A fortnight ago 20,000 jobs were lost at well-known companies such as BT, Virgin Media, GlaxoSmithKline and Yell Group. During the past seven days a further 25,000 job losses have been announced at other household names.
It means that the “headline” unemployment figure – which includes all people out of work and not just those claiming jobseeker’s allowance – is likely to rise from 1.82 million at the end of September to more than two million by the end of the year.
There is plenty more to come, particularly in the financial services sector. Royal Bank of Scotland has already announced that 3,000 investment banking jobs are to be cut worldwide, many of them in the City, while JP Morgan – one of the few US banks to survive the meltdown relatively intact – is also thought to be preparing big staff reductions.

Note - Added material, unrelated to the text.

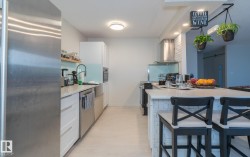 Kitchen featuring stainless steel appliances, white cabinets, exhaust hood, a breakfast bar, and recessed lighting - 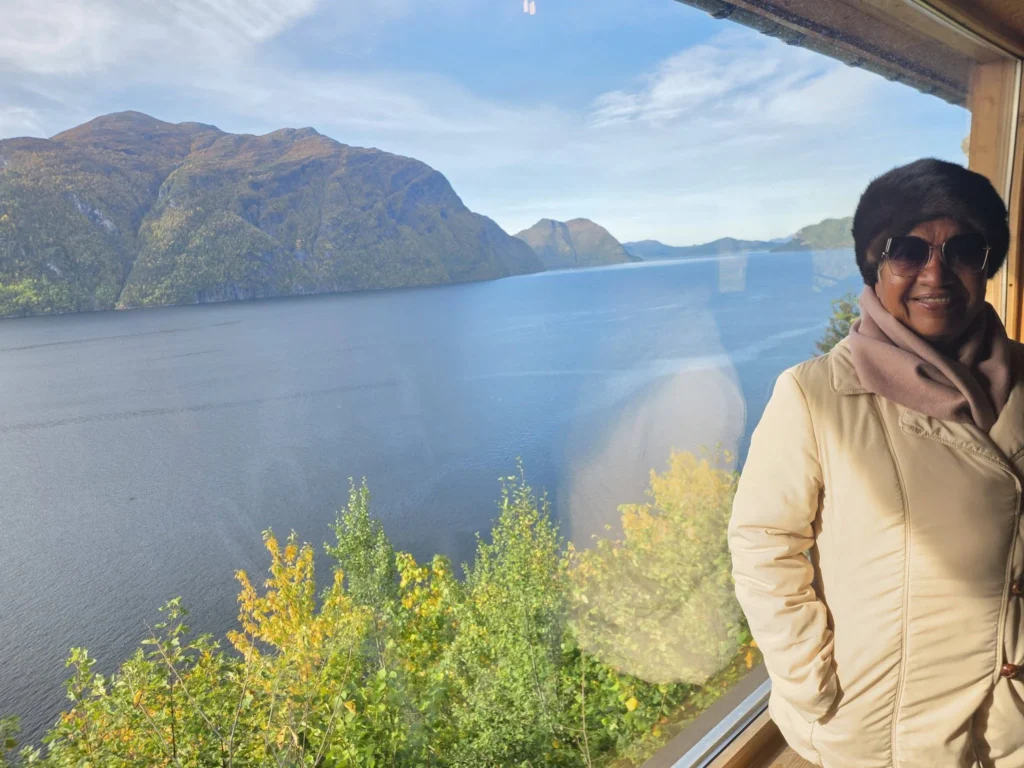 Danny's mother posing beside a large window overlooking the scenic fjord and autumn mountains at Kokarsteinen Viewpoint during a Holland America Rotterdam shore excursion. Things to do in Ålesund from cruise ship, by Danny and Peter.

Again, hundreds of jobs are expected to go in the City, where the bank employs about 5,000 people.
Worst of all, Britain looks like being the second-biggest single casualty at the US bank Citigroup, which is cutting 52,000 jobs worldwide.

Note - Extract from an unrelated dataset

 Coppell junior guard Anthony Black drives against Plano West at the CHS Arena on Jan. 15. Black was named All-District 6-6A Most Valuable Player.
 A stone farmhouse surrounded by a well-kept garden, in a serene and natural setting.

It is chilling to realise that these job losses are only the ones that we know about, because they have all taken place at publicly listed companies that are obliged to inform the stock market of material changes in their prospects – including job losses.
Beneath the radar, though, a further three million or so Britons are employed in companies owned by the private equity sector. They, too, will be quietly cutting jobs as, indeed, will the private equity industry itself. One of its best-known operators, Guy Hands, of Terra Firma, admitted this week that the number of people working in private equity or in sectors depending upon it – which is nearly 25,000 – would fall substantially this year.
Equally hidden from public view are jobs being lost at small and medium-sized companies – often only two or three at a time, but they add up.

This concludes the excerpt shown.